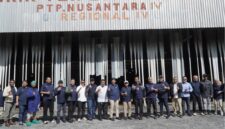 Dewan Komisaris bersama manajemen memperketat penerapan Standard Operating Procedure (SOP) di lini produksi.( poto : jambilink.id )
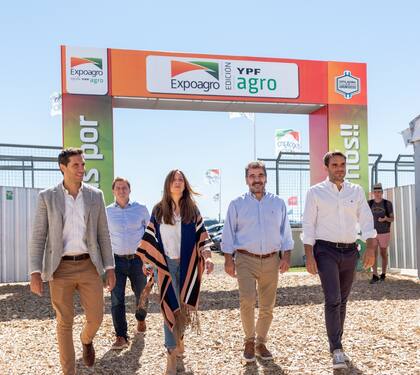 La diputada nacional María Eugenia Vidal visitó Expoagro acompañada por el jefe del bloque Pro Cristián Ritondo y el intendente de San Nicolás Manuel Passaglia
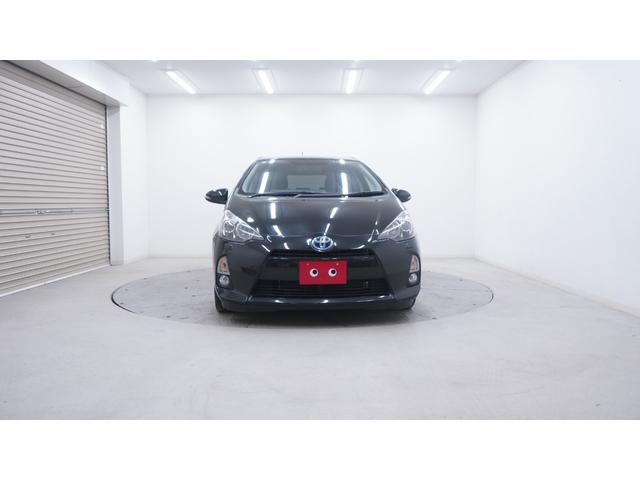 アクア Ｇ　禁煙車　純正ナビ　フルセグＴＶ　バックカメラ　Ｂｌｕｅｔｏｏｔｈ対応　キーレス　ステアリングスイッチ　ＬＥＤヘッドライト　ＡＵＴＯエアコン　電動格納ドアミラーウィンカー　Ｇグレード専用内装カラー（2枚目）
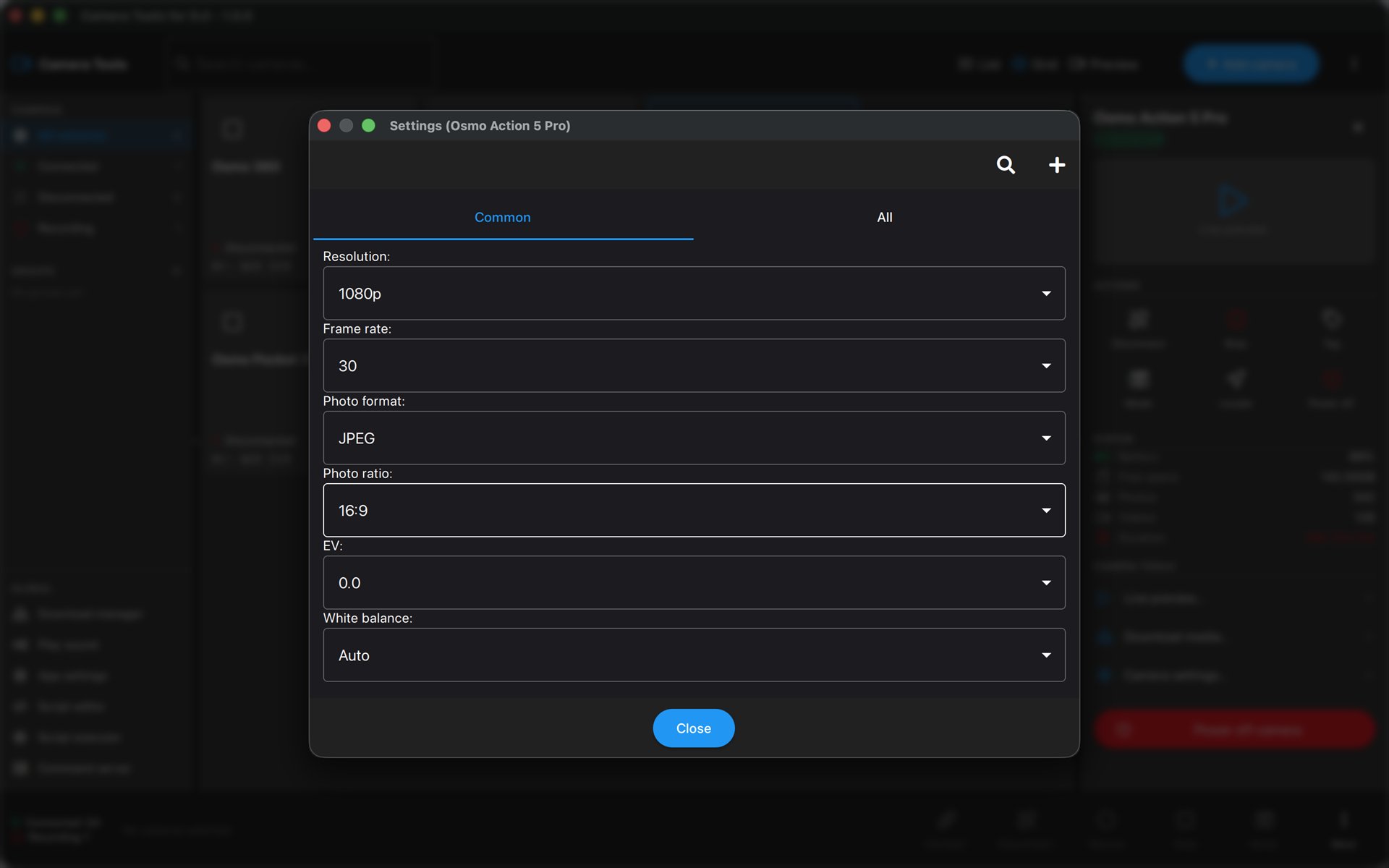 Camera settings panel with resolution, frame rate, photo format, ratio, exposure and white balance controls
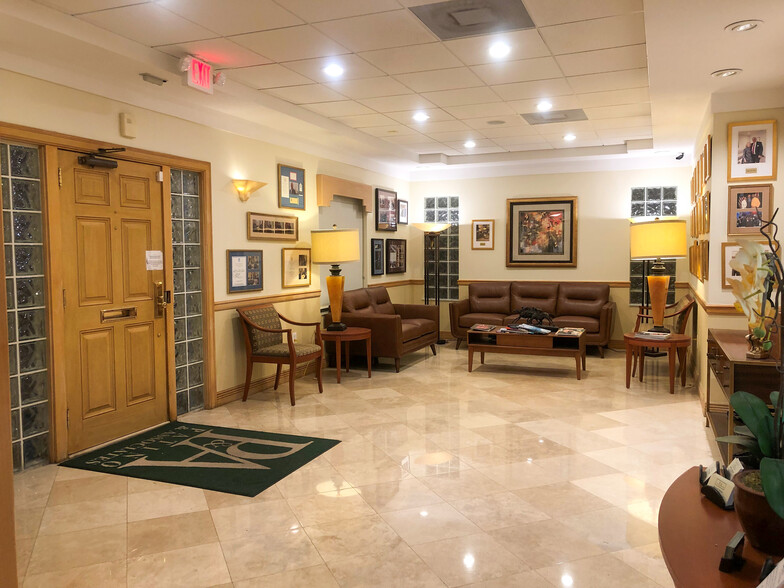 113 Almeria Ave, Coral Gables, FL en venta - Foto del edificio - Imagen 3 de 7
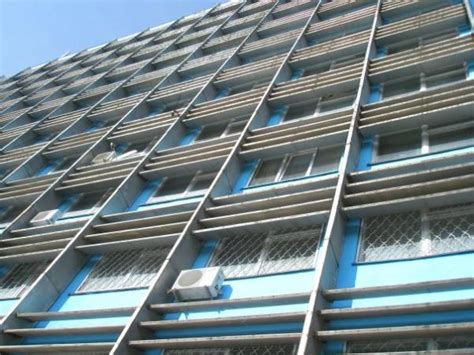 Симферопольский университет экономики и управления (СУЭУ) - Симферополь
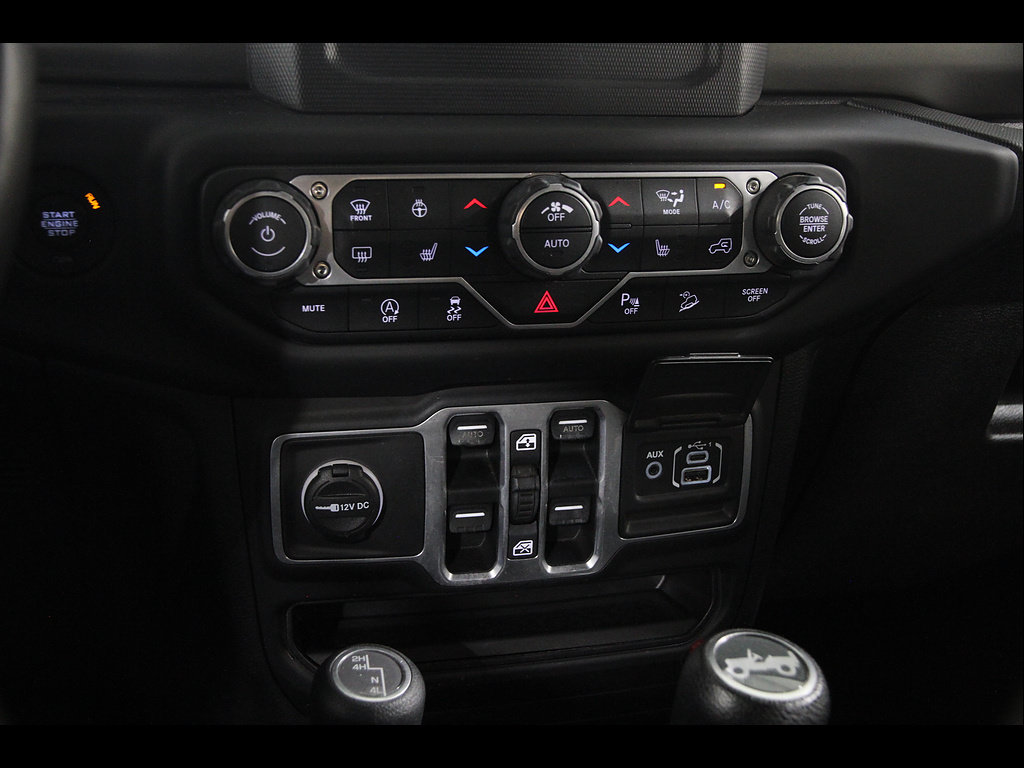 Used 2018 Jeep Wrangler Unlimited Sport S AWD/4WD image 15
^^^^^^^^^^^^^^^^
→ **What to do**
Leave out the pictures, then give all the records again exactly.

→ **Output below**
 Dewan Komisaris bersama manajemen memperketat penerapan Standard Operating Procedure (SOP) di lini produksi.( poto : jambilink.id )
 La diputada nacional María Eugenia Vidal visitó Expoagro acompañada por el jefe del bloque Pro Cristián Ritondo y el intendente de San Nicolás Manuel Passaglia
 アクア Ｇ　禁煙車　純正ナビ　フルセグＴＶ　バックカメラ　Ｂｌｕｅｔｏｏｔｈ対応　キーレス　ステアリングスイッチ　ＬＥＤヘッドライト　ＡＵＴＯエアコン　電動格納ドアミラーウィンカー　Ｇグレード専用内装カラー（2枚目）
 Camera settings panel with resolution, frame rate, photo format, ratio, exposure and white balance controls
 113 Almeria Ave, Coral Gables, FL en venta - Foto del edificio - Imagen 3 de 7
 Симферопольский университет экономики и управления (СУЭУ) - Симферополь
 Used 2018 Jeep Wrangler Unlimited Sport S AWD/4WD image 15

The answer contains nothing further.